Pewnie wymienię swoje 20D na 40D, ale i tak nowy model jest w kilku bardzo ważnych kwestiach gorszy od rewelacyjnego (do reporterki) D200.
Nie posiada uszczelnień.
Ma stary system pomiaru światła (Nikon ma niesamowity pomiar matrycowy)
Punkty AF krzyżowe, ale jeżeli nie zmienili ich umiejscowienia to tylko połowa sukcesu.
Ergonomia bez wielkich zmian (brakuje mi bardzo wywalonego na zewnątrz szybkiej zmiany pomiaru światła).

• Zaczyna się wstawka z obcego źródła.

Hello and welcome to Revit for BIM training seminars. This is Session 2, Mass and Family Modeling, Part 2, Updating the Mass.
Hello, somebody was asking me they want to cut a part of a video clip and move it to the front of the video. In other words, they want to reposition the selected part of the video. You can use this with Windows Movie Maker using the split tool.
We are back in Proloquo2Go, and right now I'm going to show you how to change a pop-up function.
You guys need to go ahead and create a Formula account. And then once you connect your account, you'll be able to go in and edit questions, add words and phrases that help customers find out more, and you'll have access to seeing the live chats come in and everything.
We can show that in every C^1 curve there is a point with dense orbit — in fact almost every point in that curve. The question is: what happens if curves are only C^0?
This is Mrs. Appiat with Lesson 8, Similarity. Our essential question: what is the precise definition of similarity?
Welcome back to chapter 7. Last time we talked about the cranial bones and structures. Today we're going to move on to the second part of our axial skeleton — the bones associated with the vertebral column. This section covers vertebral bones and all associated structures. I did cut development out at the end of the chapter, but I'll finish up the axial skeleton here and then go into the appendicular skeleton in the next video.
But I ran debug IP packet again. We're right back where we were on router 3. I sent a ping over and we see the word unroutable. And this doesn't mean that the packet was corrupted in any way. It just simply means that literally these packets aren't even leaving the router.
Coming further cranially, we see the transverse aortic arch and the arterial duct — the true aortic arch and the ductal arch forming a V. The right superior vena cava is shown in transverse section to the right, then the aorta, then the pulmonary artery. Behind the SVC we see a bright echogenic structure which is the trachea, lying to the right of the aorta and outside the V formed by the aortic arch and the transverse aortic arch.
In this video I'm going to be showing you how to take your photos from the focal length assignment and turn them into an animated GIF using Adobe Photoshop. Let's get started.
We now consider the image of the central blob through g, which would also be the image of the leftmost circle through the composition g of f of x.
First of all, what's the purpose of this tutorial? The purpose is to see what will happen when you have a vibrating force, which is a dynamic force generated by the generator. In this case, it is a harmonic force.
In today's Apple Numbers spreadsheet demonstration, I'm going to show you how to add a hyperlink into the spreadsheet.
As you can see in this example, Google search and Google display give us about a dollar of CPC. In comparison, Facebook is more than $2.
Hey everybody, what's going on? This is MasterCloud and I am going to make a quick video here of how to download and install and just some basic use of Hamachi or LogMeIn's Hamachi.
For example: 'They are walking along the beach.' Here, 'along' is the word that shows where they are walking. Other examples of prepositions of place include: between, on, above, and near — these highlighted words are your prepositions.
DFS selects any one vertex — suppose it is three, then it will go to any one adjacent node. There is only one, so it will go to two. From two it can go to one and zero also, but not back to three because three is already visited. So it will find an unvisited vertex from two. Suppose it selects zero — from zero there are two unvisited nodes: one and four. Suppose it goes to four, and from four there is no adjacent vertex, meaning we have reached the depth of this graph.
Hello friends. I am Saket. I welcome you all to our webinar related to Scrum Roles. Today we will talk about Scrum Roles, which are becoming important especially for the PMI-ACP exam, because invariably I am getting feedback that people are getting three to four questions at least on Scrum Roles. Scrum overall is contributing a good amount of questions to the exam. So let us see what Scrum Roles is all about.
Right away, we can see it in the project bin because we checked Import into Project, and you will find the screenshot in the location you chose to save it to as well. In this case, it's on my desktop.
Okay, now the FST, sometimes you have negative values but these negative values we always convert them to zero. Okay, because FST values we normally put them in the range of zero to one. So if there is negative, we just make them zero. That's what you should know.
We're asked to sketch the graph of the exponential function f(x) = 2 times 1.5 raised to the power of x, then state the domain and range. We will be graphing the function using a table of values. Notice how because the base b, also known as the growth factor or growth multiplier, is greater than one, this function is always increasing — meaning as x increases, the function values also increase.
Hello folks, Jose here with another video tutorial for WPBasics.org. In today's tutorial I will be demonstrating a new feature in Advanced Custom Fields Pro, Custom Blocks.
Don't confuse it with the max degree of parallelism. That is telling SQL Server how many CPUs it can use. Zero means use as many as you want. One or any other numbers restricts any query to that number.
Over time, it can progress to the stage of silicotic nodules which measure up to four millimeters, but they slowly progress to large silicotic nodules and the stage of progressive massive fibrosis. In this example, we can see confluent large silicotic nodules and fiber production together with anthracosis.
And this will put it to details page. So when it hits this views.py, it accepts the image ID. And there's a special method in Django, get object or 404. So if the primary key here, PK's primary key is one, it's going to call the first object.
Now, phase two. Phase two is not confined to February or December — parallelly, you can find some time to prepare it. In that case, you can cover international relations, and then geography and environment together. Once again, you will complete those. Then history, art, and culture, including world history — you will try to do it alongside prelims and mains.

Pewnie nie można znowu dojść do ISO 3200 od 1600 w trzech krokach (jak w Nikonie) a to czasami by się przydało.
Być może czegoś nie doczytałem, ale angielskiego nie znam.
Moim zdaniem postęp jest ogromny, osobiście jestem BARDZO wdzięczny za 6,5 kl./s, lepszy AF, Live View, sRAW, większy bufor czy 14 bitów, ale do reporterki to do takiego D200 Canonowi w pewnych kwestiach jeszcze sporo brakuje... a to w końcu stary model. Więc nie zachwycajmy się zbyt głośno. Nikona też mogą unowocześnić i różnice radykalnie zmaleją.
Różnica w jakości zdjęć będzie po stronie Canona, ale przy typowej reporterce to aż tak istotne one nie będą. Już nie raz żałowałem, że nie mam w ręku 1D lub D200 właśnie przy szybkich zdjęciach i dlatego mam gorącą prośbę do Canona o uszczelnienia i lepszy pomiar światła, wtedy to będzie naprawdę rewelacyjny aparat.